* [Material provided]
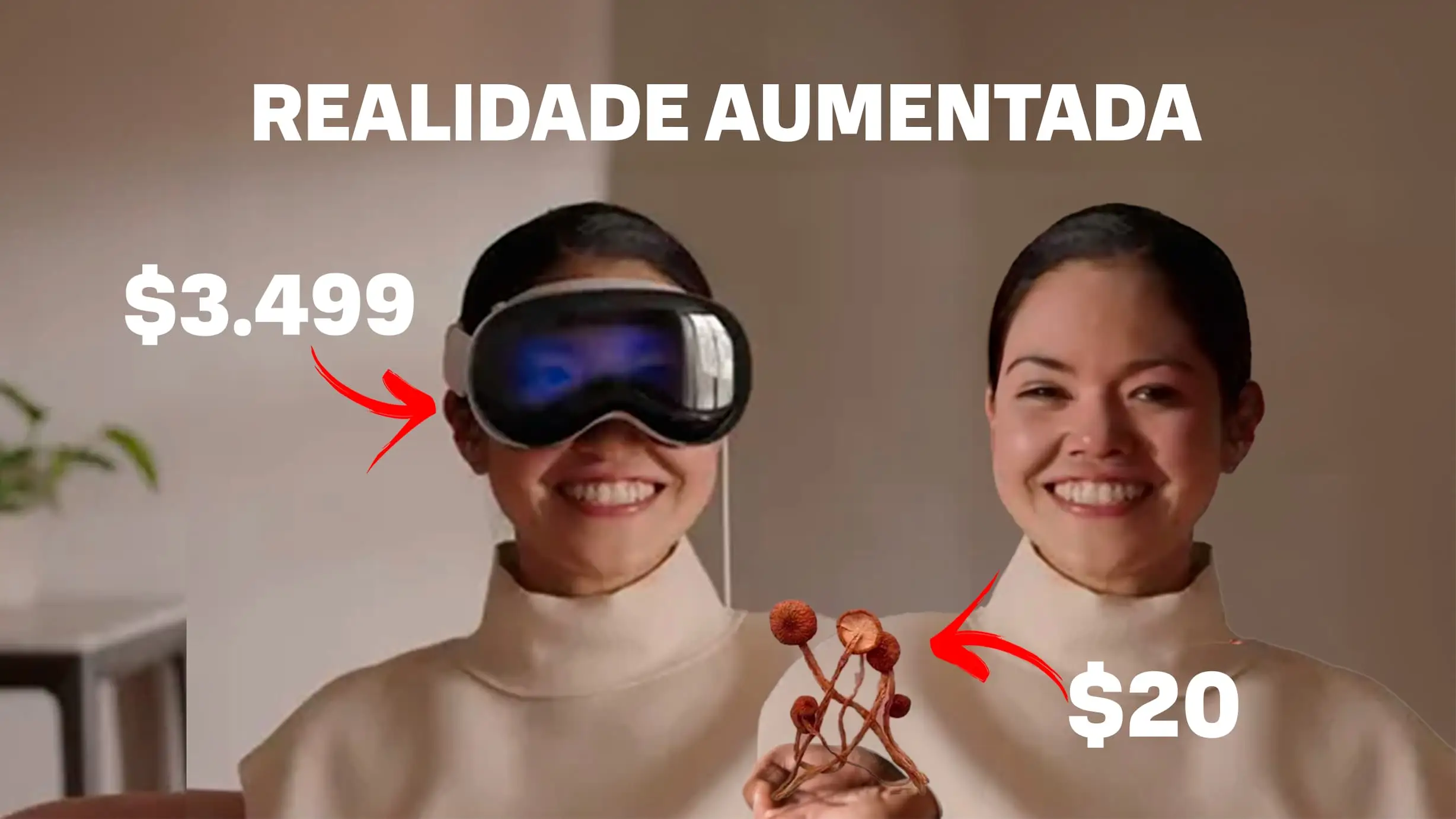 Apple Vision Pro: Segundo Musk, por $20 dólares cogumelos também proporcionam realidade aumentada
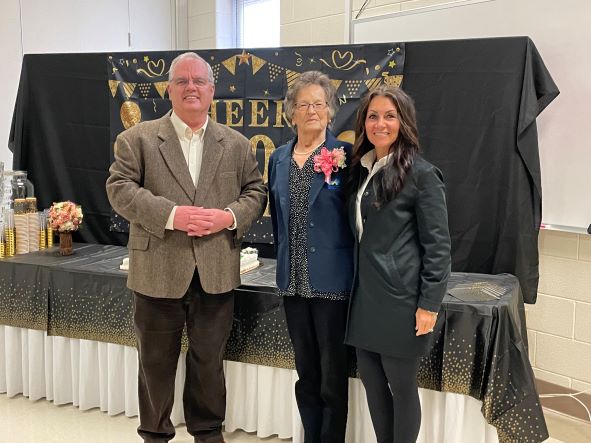 Elizabeth Greene celebrates her remarkable career, pictured with Bobby Grubbs, recruitment specialist, and Dr. Rebecca Johnson, VP of student affairs and Pineville Campus director.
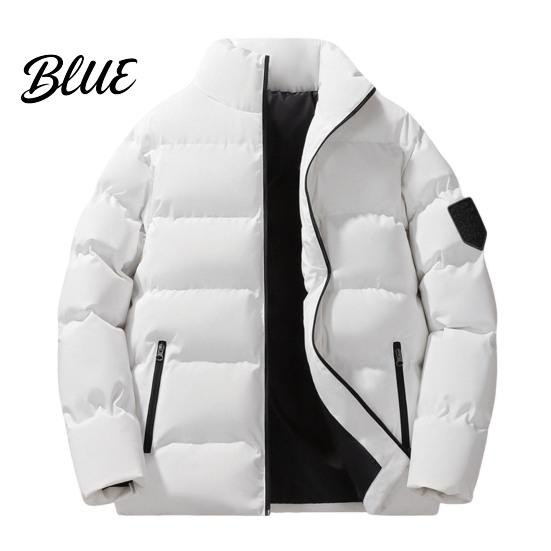 Zipper Closure Cotton Jacket with Long Sleeve Stand Collar Coat Men Zip-up Thickened Side Pockets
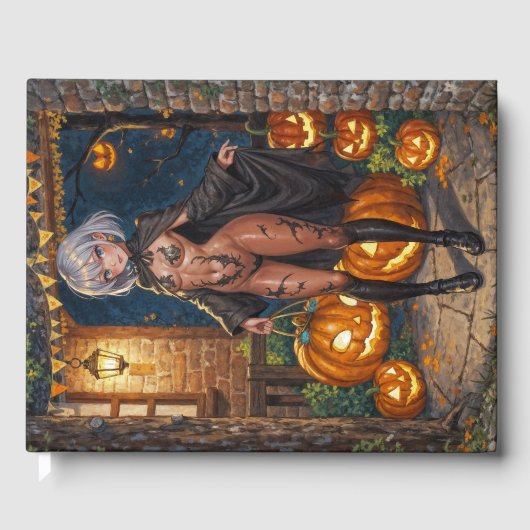 トリックまたはトレーター、勇敢なハロウィーンの衣装の女の子 ゲストブック (正面)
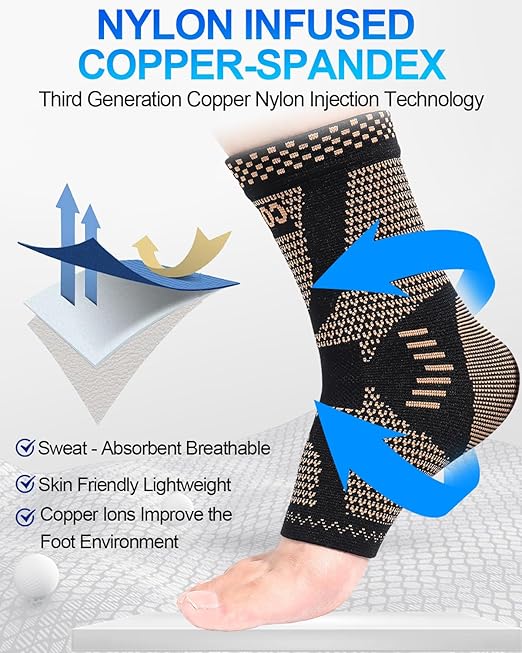LISEPWU Copper Ankle Brace, Copper Infused Ankle Support Compression Sleeve for Men & Women, for Foot Pain Relief, Sprained Recovery, Achilles Tendonitis, Daytime or Night Use(L)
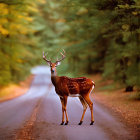 Majestic deer in autumn forest with orange and yellow leaves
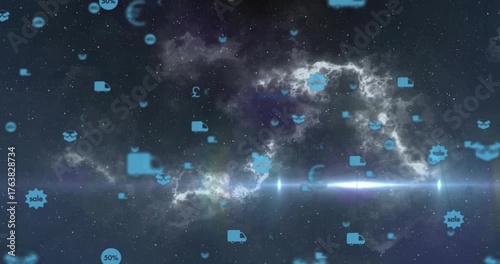 Left light beam sparking nebula pulsing and glowing, guiding commerce icons clustering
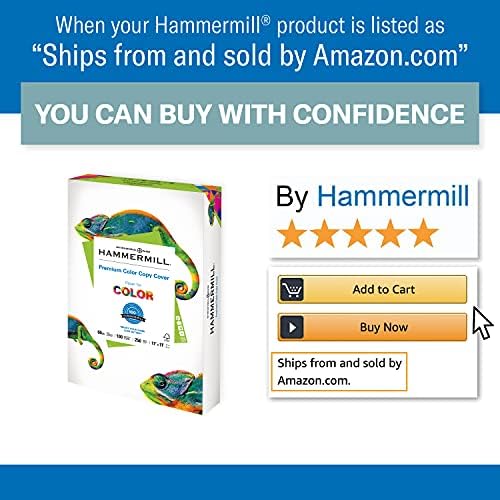 Hammermill Cardstock, Premium Color Copy, 60 lb, 8.5 x 11-100 Bright, Made in the USA Card Stock, 122549R, White - 1 Pack (250 Sheets)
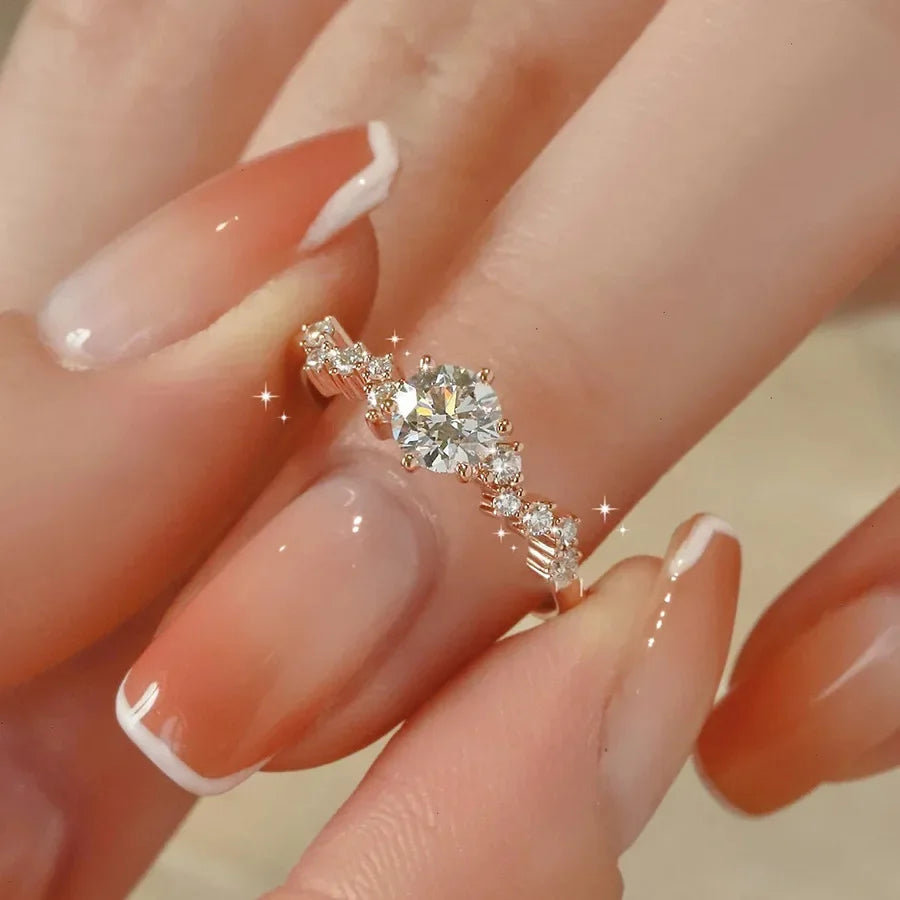 luckacco creative luxury zircon rings for women opening adjustable weave rhinestone ring korean engagement wedding jewelry fashion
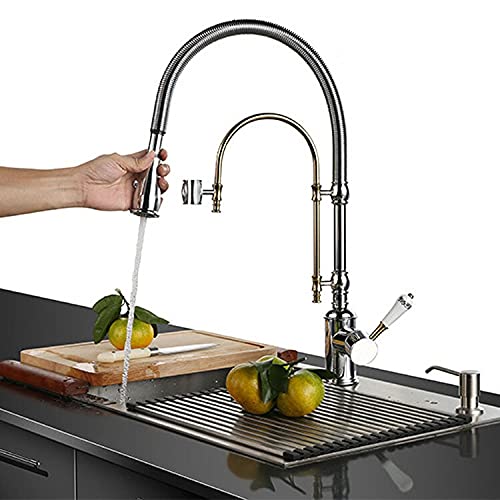 Grifo para ollas de latón antiguo con brazo oscilante doble para cocina 5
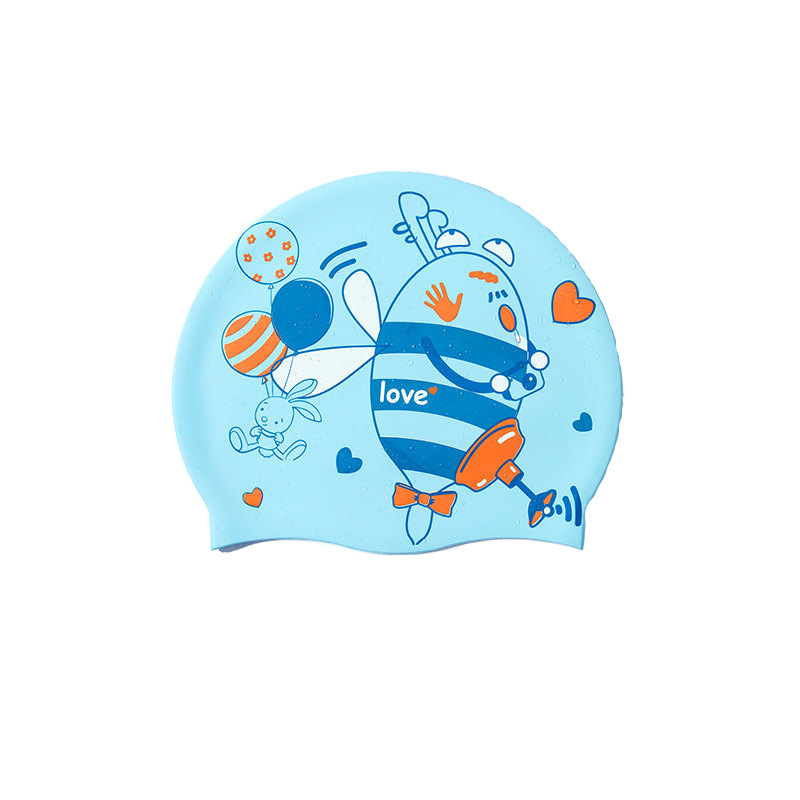 Capa children's swimming cap boys and girls professional waterproof silicone non-tightening cute cartoon baby bath swimming cap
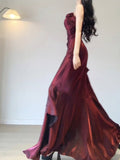 Niulatu A line Spaghetti Straps Christmas Dress Burgundy Birthday Dresses Birthday Outfits SD1128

* [Exercise aim] Transcribe the listing above in full and exactly; no pictures belong in the copy.

* [Task solution]
 Apple Vision Pro: Segundo Musk, por $20 dólares cogumelos também proporcionam realidade aumentada
 Elizabeth Greene celebrates her remarkable career, pictured with Bobby Grubbs, recruitment specialist, and Dr. Rebecca Johnson, VP of student affairs and Pineville Campus director.
 Zipper Closure Cotton Jacket with Long Sleeve Stand Collar Coat Men Zip-up Thickened Side Pockets
 トリックまたはトレーター、勇敢なハロウィーンの衣装の女の子 ゲストブック (正面)
LISEPWU Copper Ankle Brace, Copper Infused Ankle Support Compression Sleeve for Men & Women, for Foot Pain Relief, Sprained Recovery, Achilles Tendonitis, Daytime or Night Use(L)
 Majestic deer in autumn forest with orange and yellow leaves
 Left light beam sparking nebula pulsing and glowing, guiding commerce icons clustering
 Hammermill Cardstock, Premium Color Copy, 60 lb, 8.5 x 11-100 Bright, Made in the USA Card Stock, 122549R, White - 1 Pack (250 Sheets)
 luckacco creative luxury zircon rings for women opening adjustable weave rhinestone ring korean engagement wedding jewelry fashion
 Grifo para ollas de latón antiguo con brazo oscilante doble para cocina 5
 Capa children's swimming cap boys and girls professional waterproof silicone non-tightening cute cartoon baby bath swimming cap
 Niulatu A line Spaghetti Straps Christmas Dress Burgundy Birthday Dresses Birthday Outfits SD1128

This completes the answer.